#### [Exercise objective]
Repeat the records in full and exactly, omitting pictures.

[Short web captions]
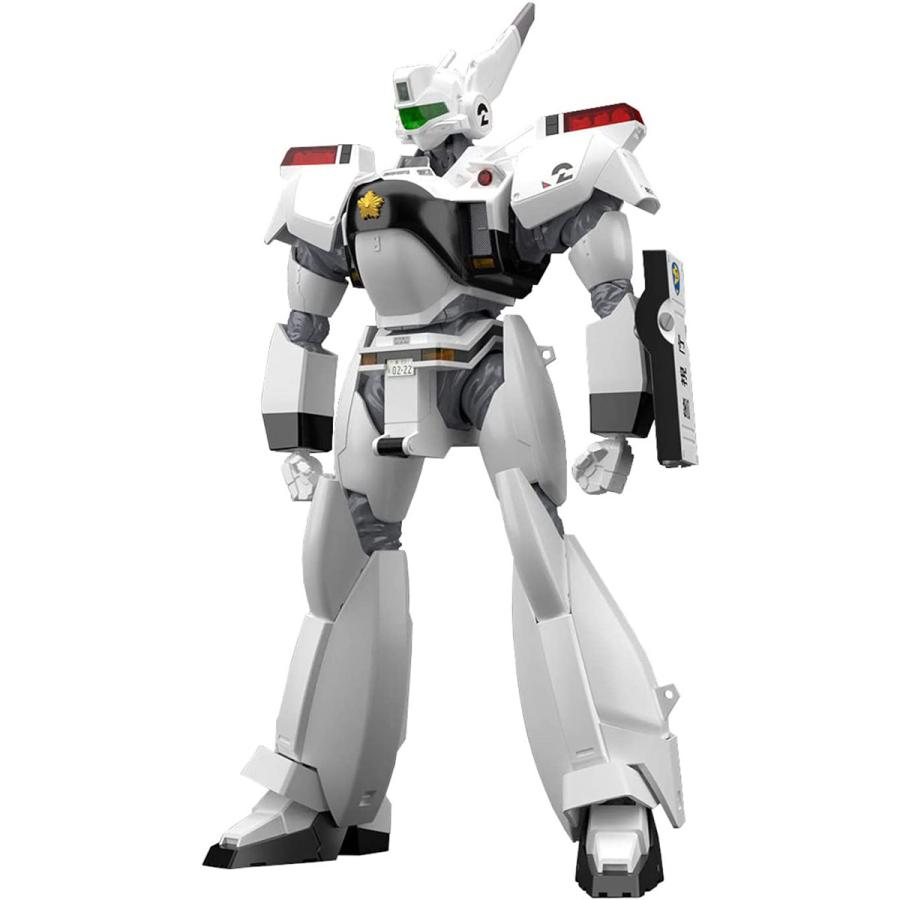 アオシマ 1/43 AV-98 イングラム2号機 ［機動警察パトレイバー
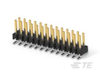 PCB Headers & Receptacles - 6-146130-2 - TE Connectivity
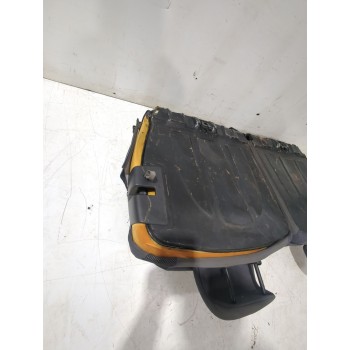 Recambio de asiento trasero para peugeot 107 (pm_, pn_) 1.4 hdi referencia OEM IAM 8852G9  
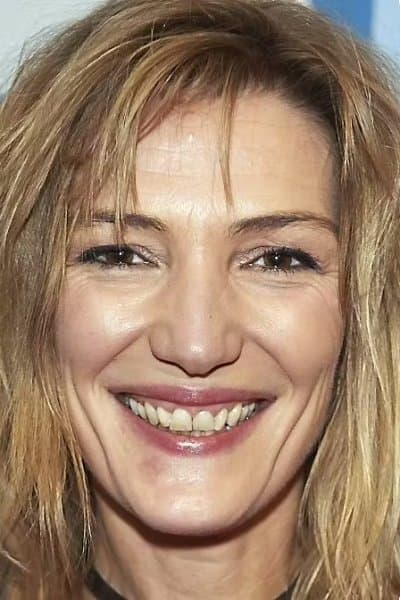 Andrea Vagn Jensen profile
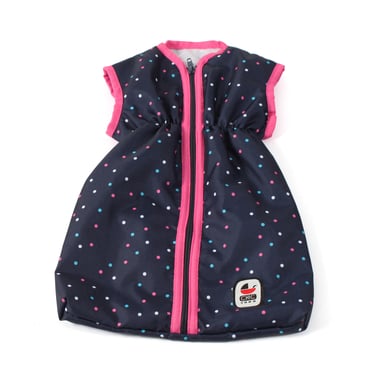 BAYER CHIC 2000 Puppen-Schlafsack, pink von Bayer-Chic-2000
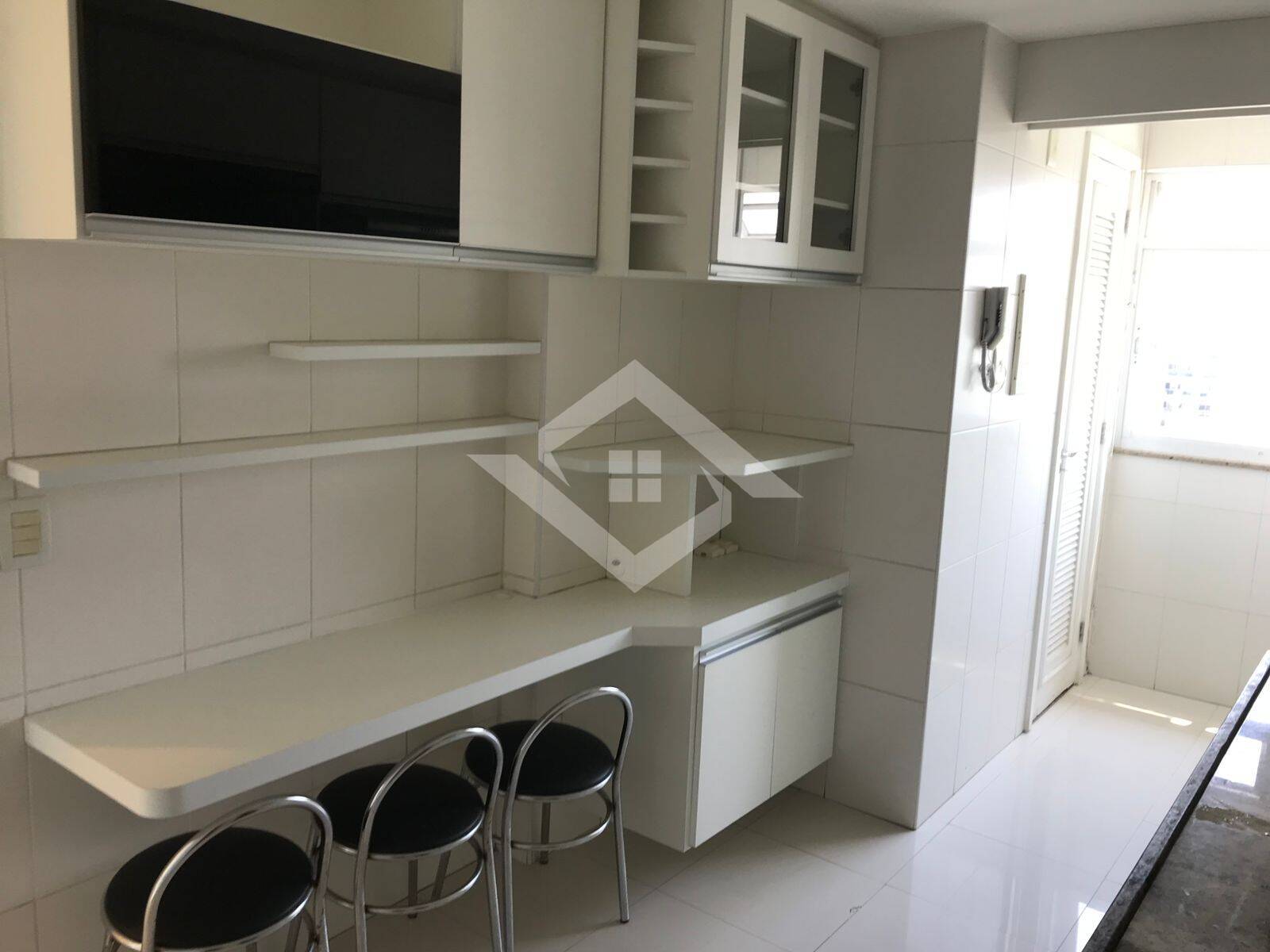 Apartamento, 4 quartos - Foto 13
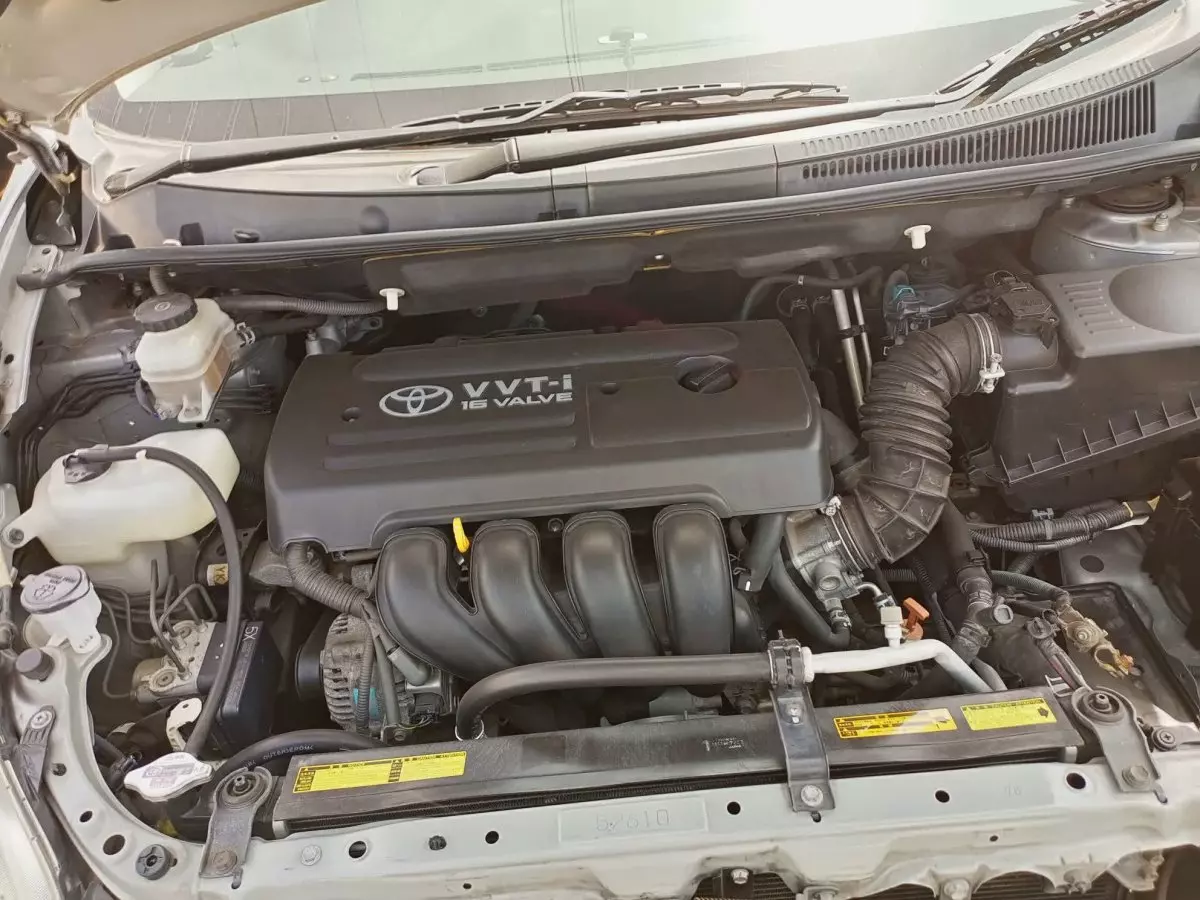 engine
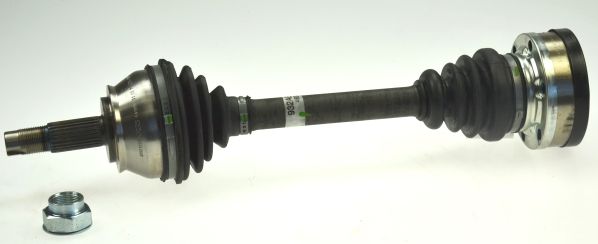 Wał napędowy LÖBRO 303531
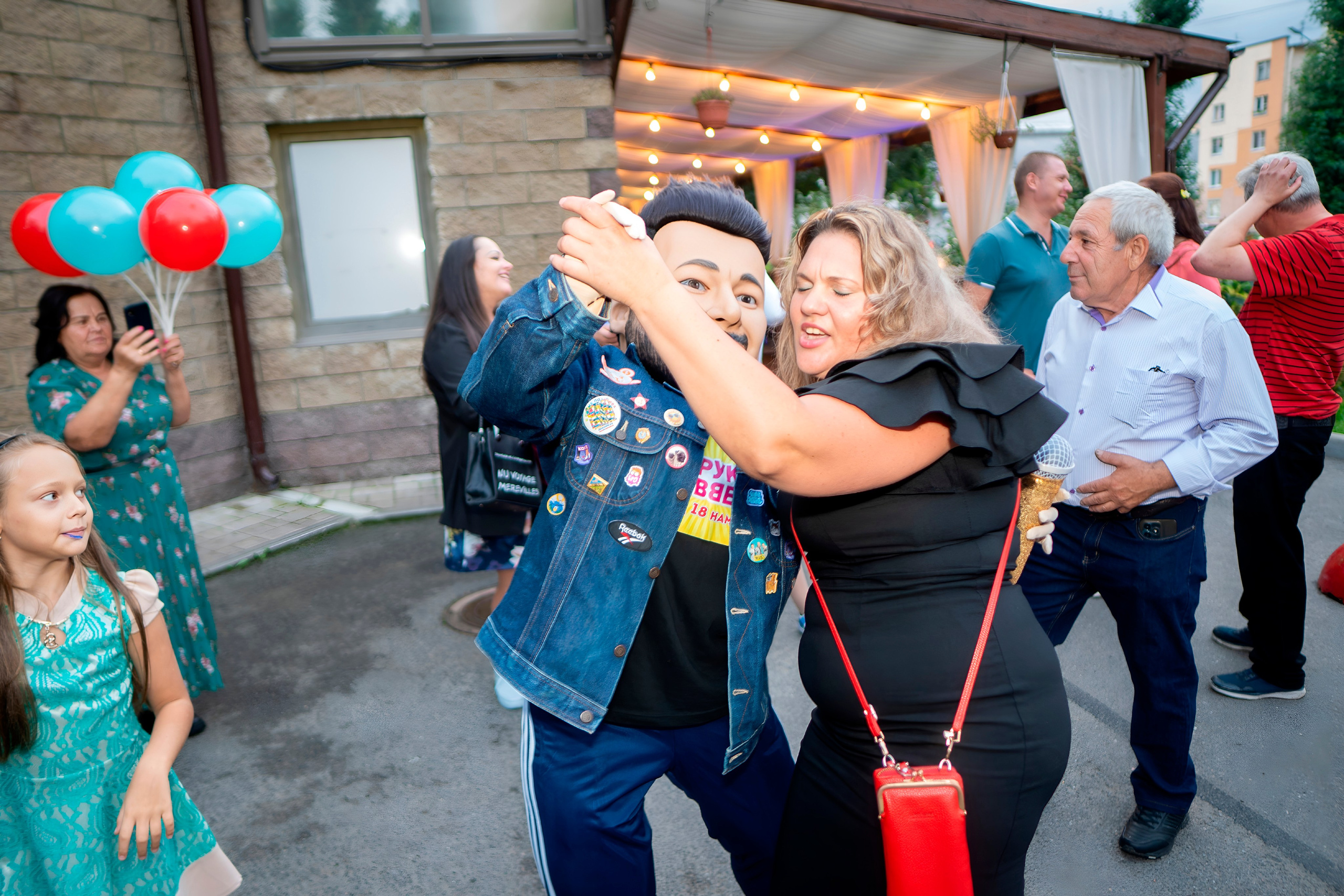 Ольга. Семейный и детский фотограф в Санкт-Петербурге Сергей Тарасов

#### [Answer for the task]
 アオシマ 1/43 AV-98 イングラム2号機 ［機動警察パトレイバー
 PCB Headers & Receptacles - 6-146130-2 - TE Connectivity
 Recambio de asiento trasero para peugeot 107 (pm_, pn_) 1.4 hdi referencia OEM IAM 8852G9  
 Andrea Vagn Jensen profile
 BAYER CHIC 2000 Puppen-Schlafsack, pink von Bayer-Chic-2000
 Apartamento, 4 quartos - Foto 13
 engine
 Wał napędowy LÖBRO 303531
 Ольга. Семейный и детский фотограф в Санкт-Петербурге Сергей Тарасов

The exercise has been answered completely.